Knowing that today's customers increasingly communicate their positive and negative customer experiences - and that they are more likely to share negative experiences than positive experiences - business users need to be able to deliver a compelling experience to keep their customers engaged on the Web. Clearly their role now goes way beyond the simple tasks of creating and publishing content for a Website. In a world of near infinite information, the more successful Web professionals will be those that help customers to focus by delivering more value in less time. And the increasing value will derive from filtering and curation.
Let's take the example of a marketing manager responsible for promoting a jazz concert online.
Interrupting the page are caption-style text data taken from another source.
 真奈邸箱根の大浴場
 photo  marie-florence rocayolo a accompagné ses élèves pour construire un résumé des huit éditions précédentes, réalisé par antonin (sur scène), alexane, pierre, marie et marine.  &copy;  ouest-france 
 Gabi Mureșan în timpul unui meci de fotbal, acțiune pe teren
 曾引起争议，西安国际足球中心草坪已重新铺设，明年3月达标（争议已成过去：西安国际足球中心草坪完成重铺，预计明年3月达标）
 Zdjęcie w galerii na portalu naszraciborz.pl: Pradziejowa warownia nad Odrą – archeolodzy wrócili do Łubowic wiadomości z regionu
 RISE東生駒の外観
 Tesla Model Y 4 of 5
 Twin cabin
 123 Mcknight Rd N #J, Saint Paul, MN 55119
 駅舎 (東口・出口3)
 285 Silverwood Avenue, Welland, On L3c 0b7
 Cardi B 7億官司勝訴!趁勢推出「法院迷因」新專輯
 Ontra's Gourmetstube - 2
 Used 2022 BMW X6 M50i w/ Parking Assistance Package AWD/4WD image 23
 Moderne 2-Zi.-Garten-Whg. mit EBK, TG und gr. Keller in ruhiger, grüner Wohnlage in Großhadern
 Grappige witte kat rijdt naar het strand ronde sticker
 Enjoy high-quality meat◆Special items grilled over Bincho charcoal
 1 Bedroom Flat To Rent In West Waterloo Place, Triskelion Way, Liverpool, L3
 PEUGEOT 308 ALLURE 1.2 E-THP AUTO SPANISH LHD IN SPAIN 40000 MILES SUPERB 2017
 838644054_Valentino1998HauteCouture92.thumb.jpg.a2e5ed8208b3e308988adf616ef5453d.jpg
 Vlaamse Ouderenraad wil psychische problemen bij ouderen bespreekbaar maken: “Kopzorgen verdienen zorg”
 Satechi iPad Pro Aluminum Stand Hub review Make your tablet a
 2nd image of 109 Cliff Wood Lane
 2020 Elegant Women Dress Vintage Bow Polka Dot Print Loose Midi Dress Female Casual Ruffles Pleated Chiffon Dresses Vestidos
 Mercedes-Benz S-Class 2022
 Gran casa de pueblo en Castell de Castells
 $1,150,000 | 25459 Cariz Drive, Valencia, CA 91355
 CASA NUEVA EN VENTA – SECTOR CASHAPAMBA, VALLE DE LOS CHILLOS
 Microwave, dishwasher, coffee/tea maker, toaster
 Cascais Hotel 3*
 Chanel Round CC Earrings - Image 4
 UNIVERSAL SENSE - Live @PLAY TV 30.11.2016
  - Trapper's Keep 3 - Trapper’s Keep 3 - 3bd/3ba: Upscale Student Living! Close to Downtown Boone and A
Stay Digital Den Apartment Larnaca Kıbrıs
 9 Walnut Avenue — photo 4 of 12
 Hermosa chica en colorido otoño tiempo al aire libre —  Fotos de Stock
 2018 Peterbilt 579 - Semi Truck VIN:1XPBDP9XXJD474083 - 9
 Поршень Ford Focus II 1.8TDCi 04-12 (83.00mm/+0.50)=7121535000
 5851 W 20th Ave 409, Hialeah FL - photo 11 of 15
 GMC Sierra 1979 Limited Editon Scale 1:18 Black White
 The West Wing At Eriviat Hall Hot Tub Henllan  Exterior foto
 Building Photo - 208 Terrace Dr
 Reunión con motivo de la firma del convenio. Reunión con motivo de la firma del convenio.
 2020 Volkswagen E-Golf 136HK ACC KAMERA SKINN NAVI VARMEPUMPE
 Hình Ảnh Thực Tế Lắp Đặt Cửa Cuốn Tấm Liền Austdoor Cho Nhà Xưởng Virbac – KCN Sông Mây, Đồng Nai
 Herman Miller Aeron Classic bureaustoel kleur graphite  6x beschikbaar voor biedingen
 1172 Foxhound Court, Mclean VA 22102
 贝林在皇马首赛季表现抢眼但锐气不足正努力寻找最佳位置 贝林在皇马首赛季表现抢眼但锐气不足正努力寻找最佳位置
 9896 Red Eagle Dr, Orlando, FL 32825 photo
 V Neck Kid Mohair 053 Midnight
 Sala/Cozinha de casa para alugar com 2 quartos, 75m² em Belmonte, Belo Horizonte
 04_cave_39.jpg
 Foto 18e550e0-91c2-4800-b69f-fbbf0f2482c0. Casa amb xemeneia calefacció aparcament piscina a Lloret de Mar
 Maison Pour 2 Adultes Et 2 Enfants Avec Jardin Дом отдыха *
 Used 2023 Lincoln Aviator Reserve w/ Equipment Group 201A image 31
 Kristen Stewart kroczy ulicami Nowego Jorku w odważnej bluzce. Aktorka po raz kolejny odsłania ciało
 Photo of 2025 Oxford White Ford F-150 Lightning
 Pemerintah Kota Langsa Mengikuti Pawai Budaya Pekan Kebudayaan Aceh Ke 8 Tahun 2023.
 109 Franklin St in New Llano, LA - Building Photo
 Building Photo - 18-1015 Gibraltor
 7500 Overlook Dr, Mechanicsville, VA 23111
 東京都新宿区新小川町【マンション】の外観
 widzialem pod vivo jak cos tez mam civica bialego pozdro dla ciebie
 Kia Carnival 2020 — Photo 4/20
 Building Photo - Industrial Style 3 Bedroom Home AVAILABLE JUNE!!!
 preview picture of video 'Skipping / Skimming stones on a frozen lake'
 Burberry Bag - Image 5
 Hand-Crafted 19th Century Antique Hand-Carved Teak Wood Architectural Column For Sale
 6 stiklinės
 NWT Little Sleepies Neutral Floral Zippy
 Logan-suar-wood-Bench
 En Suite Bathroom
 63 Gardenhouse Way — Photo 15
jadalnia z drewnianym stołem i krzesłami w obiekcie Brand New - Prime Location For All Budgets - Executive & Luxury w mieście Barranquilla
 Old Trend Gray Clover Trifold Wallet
While part of the campaign would involve the creation and publishing of content to the Web, crafting an experience for a specific audience requires a broader perspective: addressing the audience that prefers the jazz genre; leveraging historical buying behavior to make the right offer; and considering ticket capacity and pricing.
And time can matter: 30 minutes before the concert a teaser might be useless for Website visitors while the information could be essential to those in the city and accessing the platform via a mobile device. The reality is that the Web needs to extend beyond the standard Website if customers are to benefit from faster and more relevant information.
For business users, such as online marketers, communications specialists or channel managers, the risk is that adopting a Web approach that is limited to just the creation and publishing of Website content will lead to a “one-size-fits-all” experience for customers. For these professionals - who are typically closest to understanding their customers’ real requirements — the frustration of not being able to fully deliver against both their customers’ wishes — and their own business’ online goals is proving increasingly frustrating. This lack of flexibility will become an increasing risk to organizational agility during 2011, and a barrier that needs to be removed if businesses are to successfully optimize their customers’ online interactions going forward.
Delivering contextualized experiences for customers — your essential checklist:
Providing such customized experiences for customers is a significant challenge. It means authoring meaningful content, crafting rules to match it on demand with each customer’s specific context, and finally optimizing the representation for the specific device used. The complete adaptation of the customer experience to the customer’s needs and situation is what we call contextualization.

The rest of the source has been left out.